-- SUPPLIED ENTRIES --

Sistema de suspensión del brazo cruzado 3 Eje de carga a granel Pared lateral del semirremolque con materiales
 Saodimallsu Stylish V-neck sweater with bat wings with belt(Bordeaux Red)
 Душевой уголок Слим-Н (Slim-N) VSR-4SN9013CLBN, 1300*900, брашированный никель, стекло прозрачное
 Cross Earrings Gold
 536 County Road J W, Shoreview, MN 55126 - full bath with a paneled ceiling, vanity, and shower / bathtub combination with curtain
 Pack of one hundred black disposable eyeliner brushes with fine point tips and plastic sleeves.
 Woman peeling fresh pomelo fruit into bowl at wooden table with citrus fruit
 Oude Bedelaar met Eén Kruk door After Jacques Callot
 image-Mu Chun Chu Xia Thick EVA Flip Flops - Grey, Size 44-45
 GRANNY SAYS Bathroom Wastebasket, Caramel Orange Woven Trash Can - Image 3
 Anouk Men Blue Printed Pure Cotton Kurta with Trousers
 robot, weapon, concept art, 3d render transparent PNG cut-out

-- WORK REQUEST --
Every entry needs to be retyped exactly.

-- RESULT BELOW --
Sistema de suspensión del brazo cruzado 3 Eje de carga a granel Pared lateral del semirremolque con materiales
 Saodimallsu Stylish V-neck sweater with bat wings with belt(Bordeaux Red)
 Душевой уголок Слим-Н (Slim-N) VSR-4SN9013CLBN, 1300*900, брашированный никель, стекло прозрачное
 Cross Earrings Gold
 536 County Road J W, Shoreview, MN 55126 - full bath with a paneled ceiling, vanity, and shower / bathtub combination with curtain
 Pack of one hundred black disposable eyeliner brushes with fine point tips and plastic sleeves.
 Woman peeling fresh pomelo fruit into bowl at wooden table with citrus fruit
 Oude Bedelaar met Eén Kruk door After Jacques Callot
 image-Mu Chun Chu Xia Thick EVA Flip Flops - Grey, Size 44-45
 GRANNY SAYS Bathroom Wastebasket, Caramel Orange Woven Trash Can - Image 3
 Anouk Men Blue Printed Pure Cotton Kurta with Trousers
 robot, weapon, concept art, 3d render transparent PNG cut-out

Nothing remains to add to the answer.